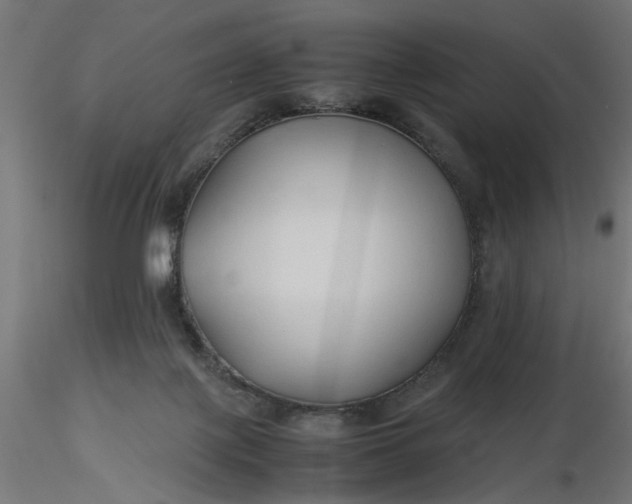 X0000116680075200912291728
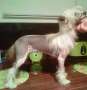 Gizootys Diamond Lilly for Steelthorn Chinese Crested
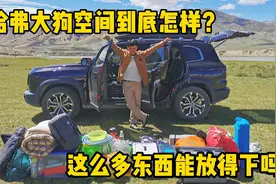 哈弗大狗空间到底怎么样？看看床车自驾游这么多东西是怎么放的？视频封面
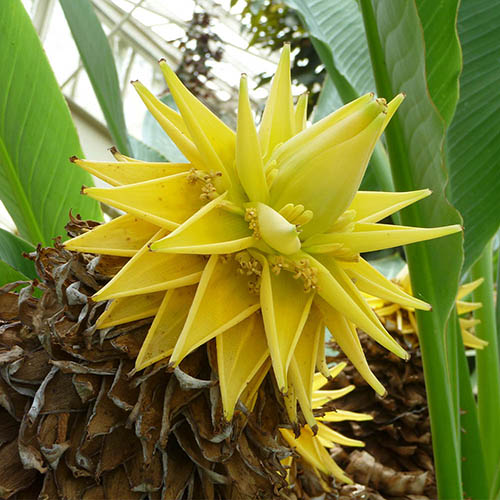 Musella lasiocarpa - Hardy Golden Lotus banana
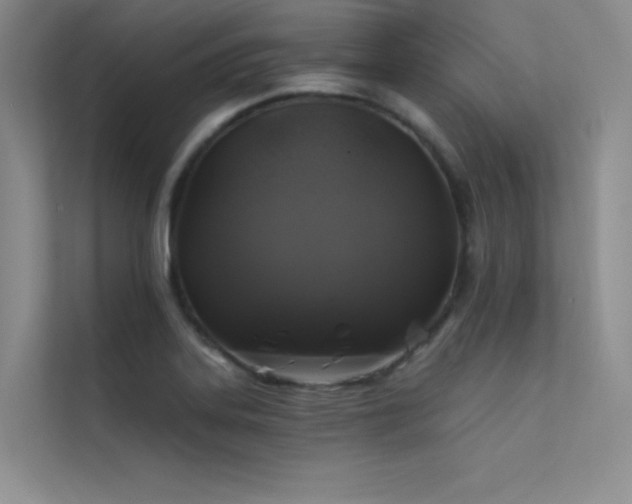 X0000112421323200908141403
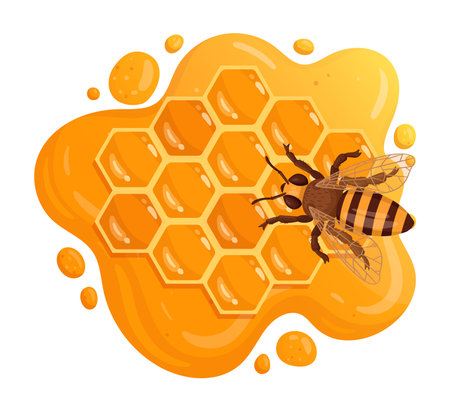 Honey bee sitting on honeycomb. Cartoon honey comb with sweet melting honey, honeycraft and beekeeping flat vector illustrationのイラスト素材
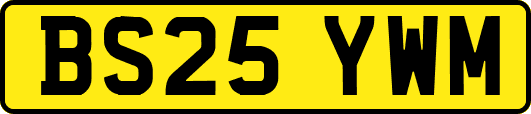 BS25YWM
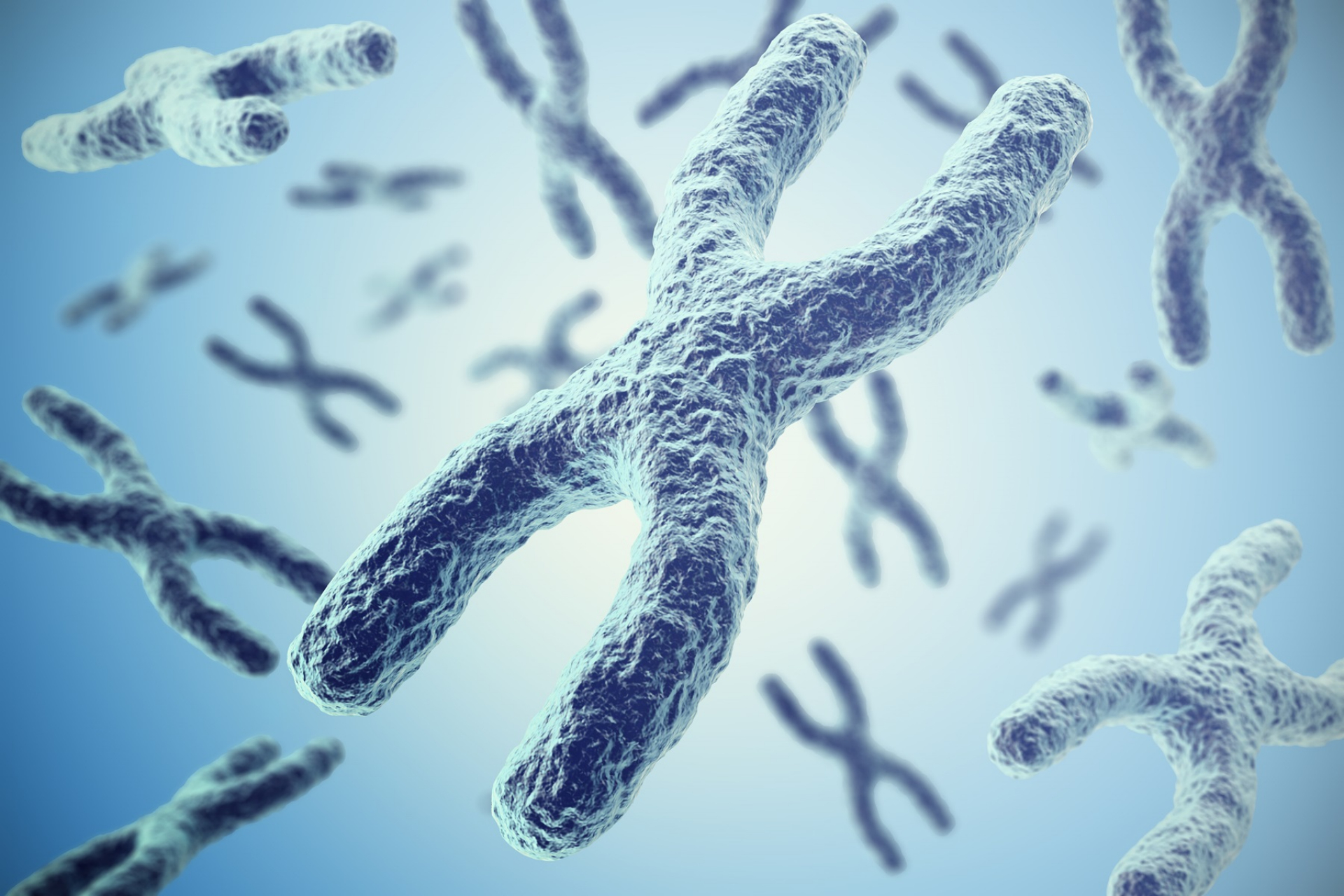 understanding-karyotyping-by-g-banding-how-it-helps-in-genetic-diagnosis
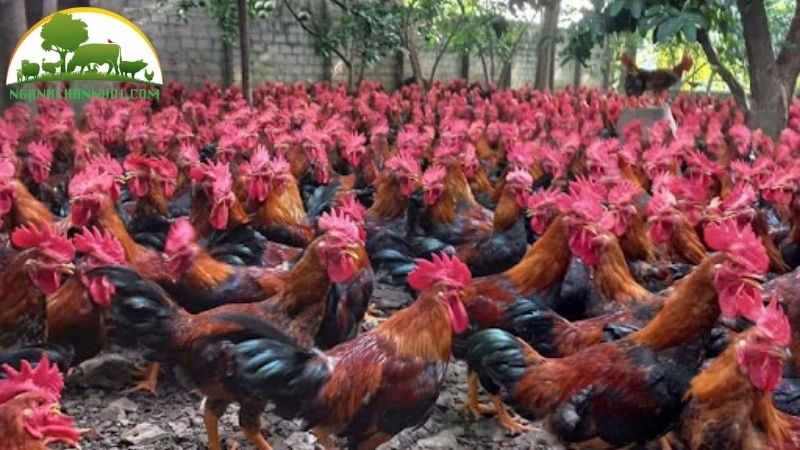 Đặc điểm, nguồn gốc giống gà lai hồ mào cờ 6 gà lai hồ mào cờ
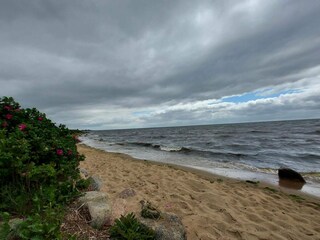 Maison de vacances Ringkøbing  4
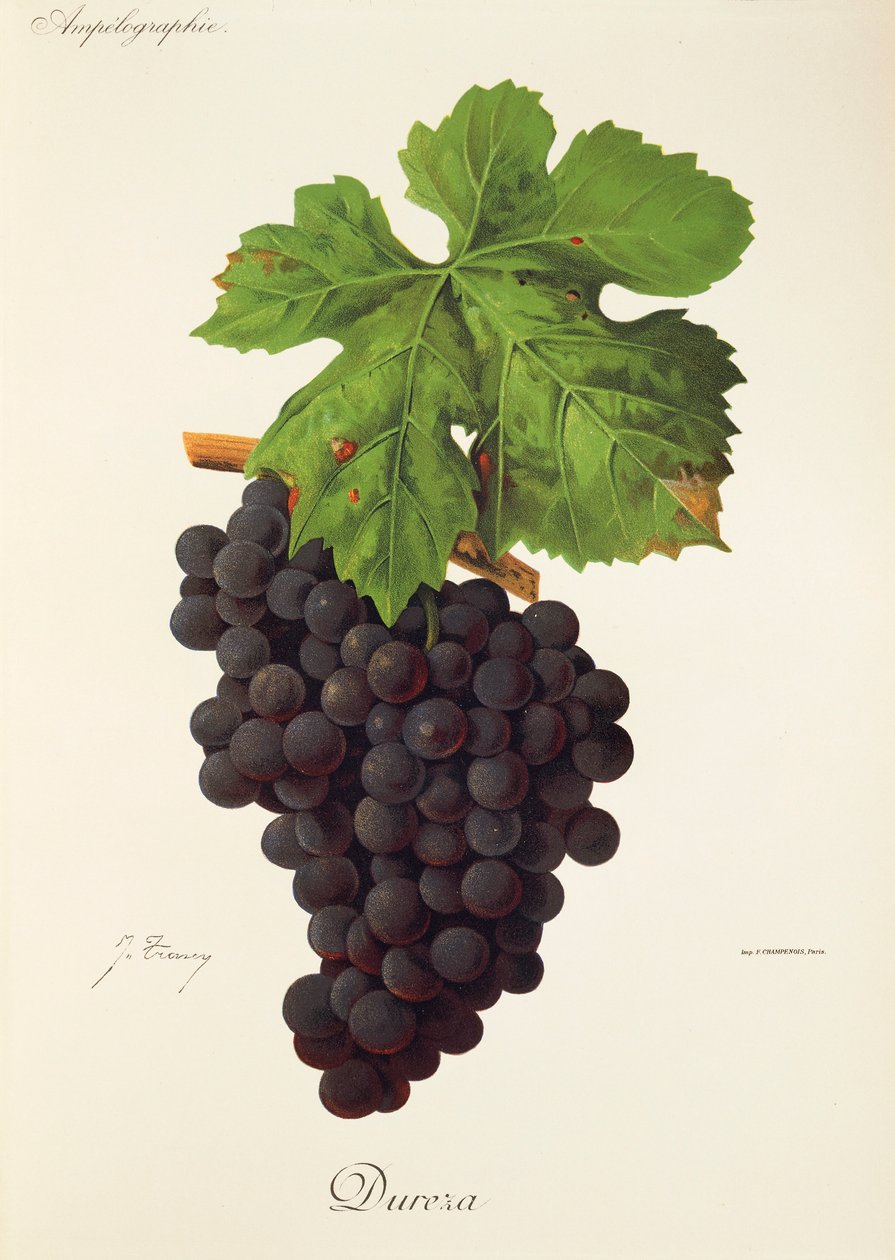 Dureza grape by Jules Troncy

#####

Problem details:
Please return the material above unchanged, with every picture removed.

Response to this exercise:
 X0000116680075200912291728
 Gizootys Diamond Lilly for Steelthorn Chinese Crested
 哈弗大狗空间到底怎么样？看看床车自驾游这么多东西是怎么放的？视频封面
 Musella lasiocarpa - Hardy Golden Lotus banana
 X0000112421323200908141403
 Honey bee sitting on honeycomb. Cartoon honey comb with sweet melting honey, honeycraft and beekeeping flat vector illustrationのイラスト素材
 BS25YWM
 understanding-karyotyping-by-g-banding-how-it-helps-in-genetic-diagnosis
 Đặc điểm, nguồn gốc giống gà lai hồ mào cờ 6 gà lai hồ mào cờ
 Maison de vacances Ringkøbing  4
 Dureza grape by Jules Troncy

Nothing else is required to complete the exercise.